Was wäre wenn diese SPD die Koalition in Berlin verlässt? Natürlich kann man darüber zunächst nur spekulieren. Aber es liegt gelegentlich in der Luft, dass ein erneuter Jamaika-Versuch mit einer anderen CDU-Spitze unternommen und gelingen würde. In dieser Jamaika-Koalition würden sich die Grünen als sozial-ökologisches Gewissen profilieren, die FDP das Wirtschaftswachstum und -wie immer – die Steuerfreiheit der Zahnärzte auf ihre Fahnen schreiben und die Union wäre im Kanzleramt mit dem ganzen Rest beschäftigt. Wenn gilt, dass die SPD die oben genannten Lücken offen gelassen hat, mit welcher Oppositionsstrategie könnte sie sie unter diesen Umständen füllen?
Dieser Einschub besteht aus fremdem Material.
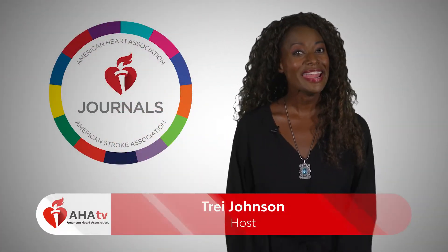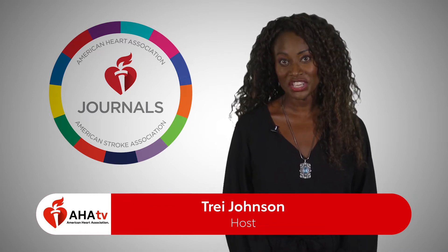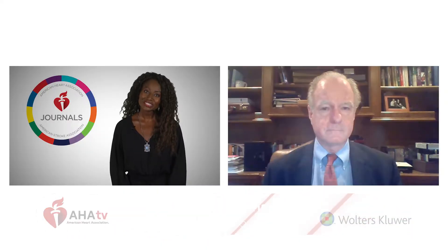Hello, I'm Trey Johnson with AHA TV, and I'm chatting with the Editor-in-Chief of Circulation, Dr. Joseph Hill. Dr. Hill, what is it that you look for in research and how do you decide what's published?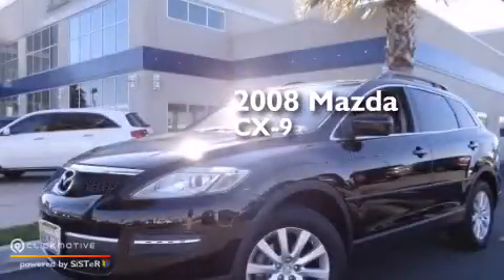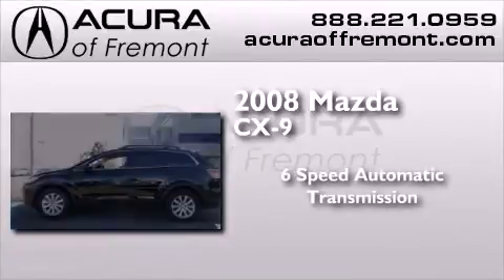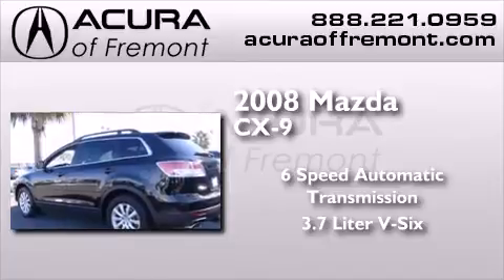This is a 2008 Mazda CX-9. This crossover has a 6-speed automatic transmission and a 3.7-liter V6.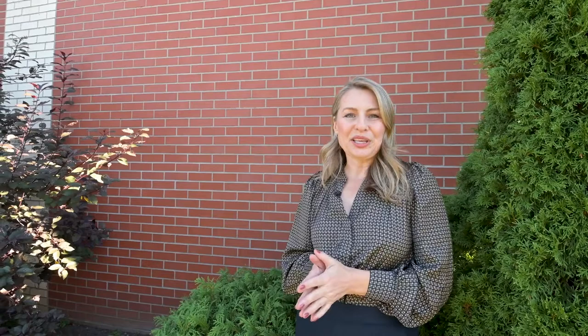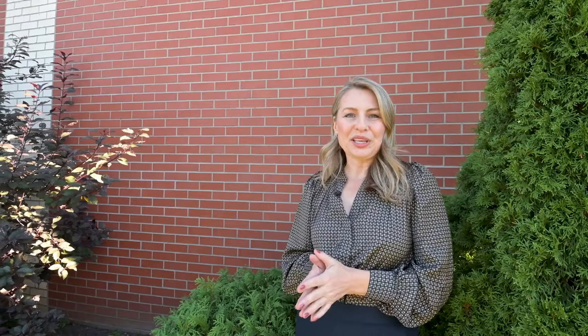Thank you for taking the tour with me. Make sure to send this to anyone you know who is thinking of downsizing, investing, or getting into the market, and ask them to call, text, or email to book a private showing.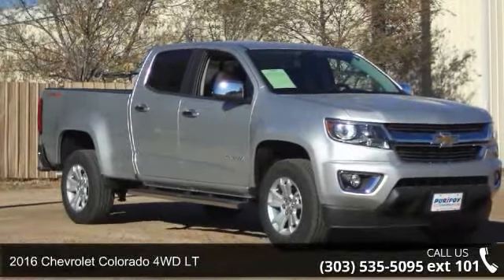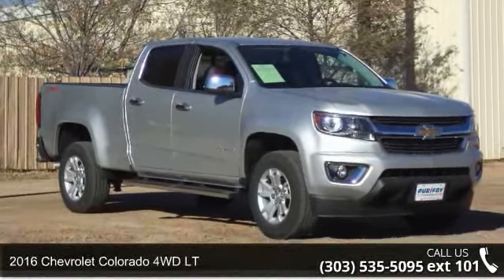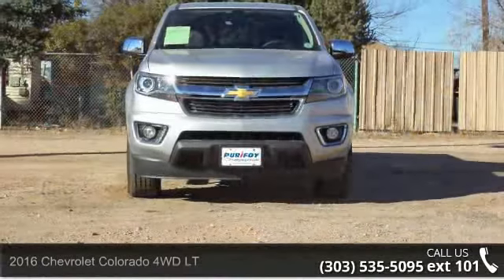Check out this 2016 Chevrolet Colorado. If you are looking for an automobile with great features, look no further.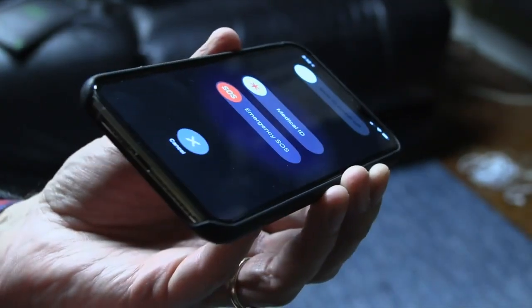As parents, one of our worst fears is that our children could be in trouble and not be able to call for help. There is a little-known feature for both iPhones and Android devices that will call 9-1-1 and their emergency contacts without them having to dial any numbers. It's called Emergency SOS.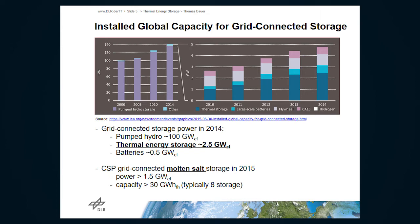This growth is basically due to CSP installations. If you want to order the storage options: first is pumped hydro with the largest share, then thermal energy storage, and after that batteries. In the public awareness, batteries are very dominant, but in fact the numbers show that we already have a lot of thermal energy storage installations.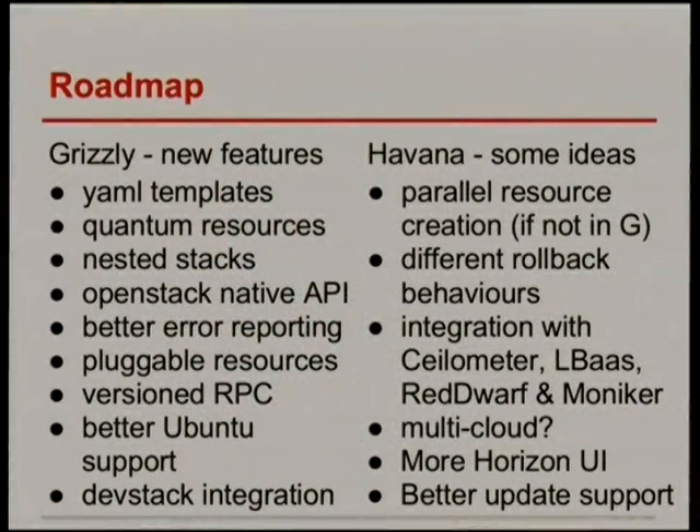In Grizzly, we've been busy with quite a heap of new features: YAML templates, Quantum resources, nested stacks, a native API, improved error reporting, pluggable resources so you can add your own resource type, versioned RPC from work done in Oslo, better Ubuntu support, and proper DevStack integration.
Vor allem: was sollen die Leute denken, denen die SPD mit dem Eintritt in die Koalition bestimmte Versprechen gemacht hat? Europa-, sozial- und wohnungspolitische Versprechen sowie das, für eine stabile Regierung in instabiler Zeit zu sorgen? Diese Leute dürften alle schwer enttäuscht werden – es wären die, die bisher noch nicht von der SPD enttäuscht wurden, oder die die Enttäuschungen tapfer verwunden haben (In Bayern also jene legendären 9,7% vom letzten Sonntag; der Rest, der noch den völligen Untergang verhindert).
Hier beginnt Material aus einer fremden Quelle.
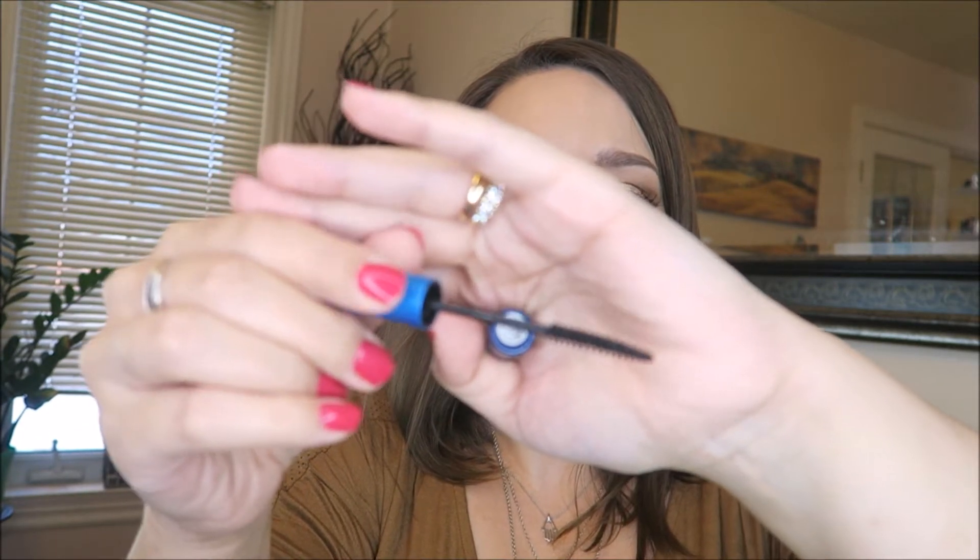Two other things I ordered: one is the MAC Giga Black Extended Play mascara. This is my old one and that's why I reordered it — it's on its last legs but I love it. I talk about it all the time. It's the only mascara I use for my bottom lashes. It does not smudge, does not move, does not transfer. The wand is so short that you can really get in to the base of the lashes without it getting all over the place — basically foolproof.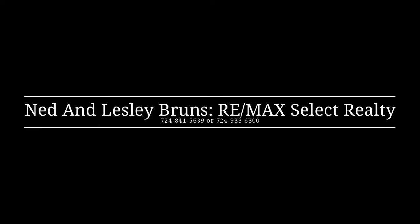We'd love the opportunity to show you 102 Birdie Drive at the Links of Cranberry. Please give us a call at 724-841-5639.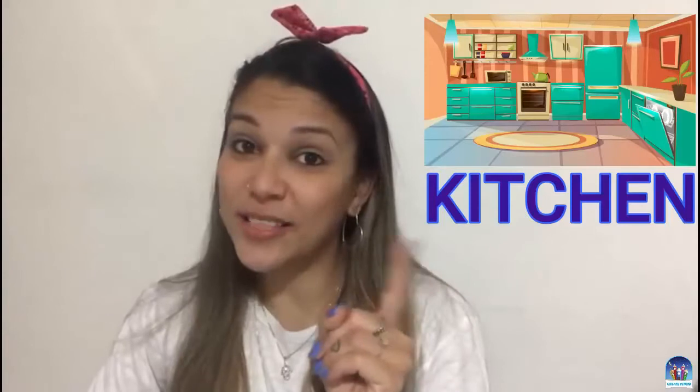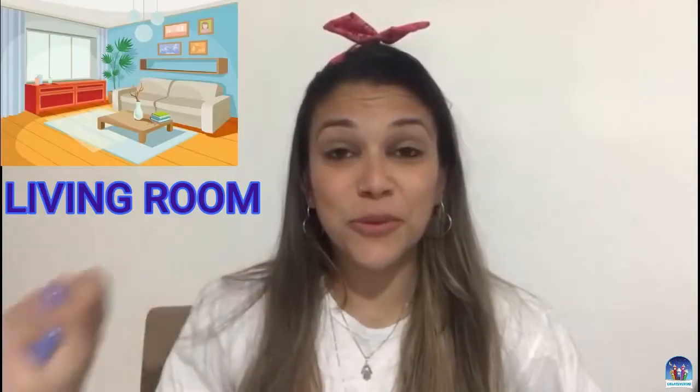Very good. Vocês viram no vídeo que foram apresentados alguns cômodos da nossa house, não é verdade? Você prestou atenção no nome deles? Vamos lá, vou te ajudar. Tem a kitchen. Tem living room. Tem bedroom. Tem o bathroom. São muitas partes da nossa casa. Agora, você sabe o que cada parte significa? Cada nomezinho em inglês significa? Yes or no? Então, let's go. Vamos com a Tia Livinha que eu vou te explicar agora. Então, preste atenção.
Nach wie vor kann eine politische Situation, eine inhaltliche Unvereinbarkeit auf einem auch den Bürger*innen zentral wichtigen Gebiet entstehen, die die SPD zum Austritt aus der Berliner Koalition zwingen könnte. Das allerschlimmste aber, was die Partei machen kann, wäre die Koalition aus dem erkennbar einzigen Grund platzen zu lassen, dass sie sich einen parteiegoistischen Vorteil erhofft, also dem Kevin-Syndrom zum Opfer fällt. Außer dem Juso-Vorsitzenden würde es überbordenden Applaus von Oskar Lafontaine und Sarah Wagenknecht geben, die sich auf das böse Erwachen der SPDler nachdem der Rausch der Erleichterung ausgeschlafen sein wird, schon freuen.
Niemand sagt, dass es in der Koalition leicht ist. Zuletzt hat etwa die SPD-Umweltministerin einen Weg gewiesen, wie man zugleich loyal zu Koalitionsabsprachen stehen und doch eine eigene
Überzeugung deutlich machen kann, als sie nämlich deutlich wider besseres Wissen für nur 30% Emisionsverringerung in Brüssel eintreten sollte und schließlich auch mit mehr, 35% zurück kam.
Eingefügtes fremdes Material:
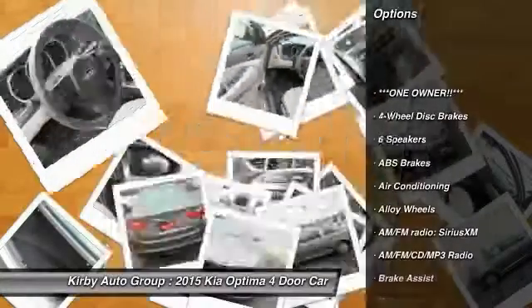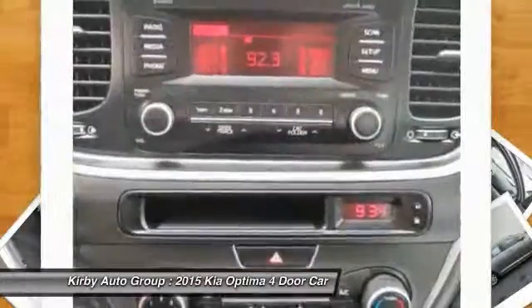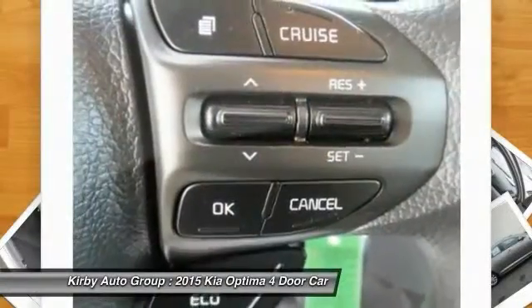Traction control, dual airbags, alloy wheels, power steering, air conditioning, four-wheel disc brakes, AM/FM/CD/MP3 radio, electronic stability control, fog lights, and rear window defroster.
Anders agiert der Vizekanzler, der sich in der Rolle der grauen Eminenz zu gefallen scheint. Er hat einmal während der Koaltionsverhandlungen gesagt, dass ihm dort sehr deutlich vor Augen gestanden habe, warum er Sozialdemokrat sei. Spätestens nach dem Ende der Verhandlungen hätte es geholfen, wenn Olaf Scholz etwas von seiner Begeisterung über seine eigenen Überzeugungen einer breiteren Öfffentlichkeit zu vermitteln. Oder seine „schwarze Null“ – jeder hätte verstanden, dass es sinnlos ist, Steuern zu erhöhen, wenn man die vorhandenen Einnahmen schon nicht sinnvoll ausgeben kann – aber die mit dem Austeritätsgeruch behaftete, schäuble’sche Parole einfach zu übernehmen, dürfte Erneuerungserwartungen deutlich gedämpft haben.
Beide Beispiele zeigen das Potential, das theoretisch vorhanden ist: die SPD kann in der Regierung deutlich machen, wo und warum sie anders handeln wird, wenn sie die Macht dazu hätte. Sie kann selbst bei Übereinstimmungen – Beispiel schwarze Null – ihre womöglich anderen Gründe zu Gehör bringen und sie kann etwas von der Begeisterung über die eigenen Überzeugungen vermitteln, die es selbst bei einer so kontrollierten Persönlichkeit wie Olaf Scholz zu geben scheint. Zugleich muss sie aufhören, von Erneuerung zu reden. Sie muss es tun. Der Generationswechsel ist quasi vollzogen, der Parteivorstand und die Minister*innen-Riege ist deutlich jünger als zuletzt. Jetzt müssten die von der Ochsentour gestählten Führungsfiguren aber etwas offenbar Ungewohntes an den Tag legen. Auf der Ochsentour etwa von der Juso- zur Parteivorsitzenden oder vom Vizejusochef zum Vizekanzler – lernt man das politische Überleben. Jetzt muss die Begeisterung für die eigenen Überzeugungen hervortreten. Leute, ihr macht das nicht, weil ihr nun einmal Politiker*innen geworden seid, sondern weil ihr für die Sache – besser: für die Leute brennt. Euch interessieren deren Sorgen und alles andere kommt erst sehr viel später.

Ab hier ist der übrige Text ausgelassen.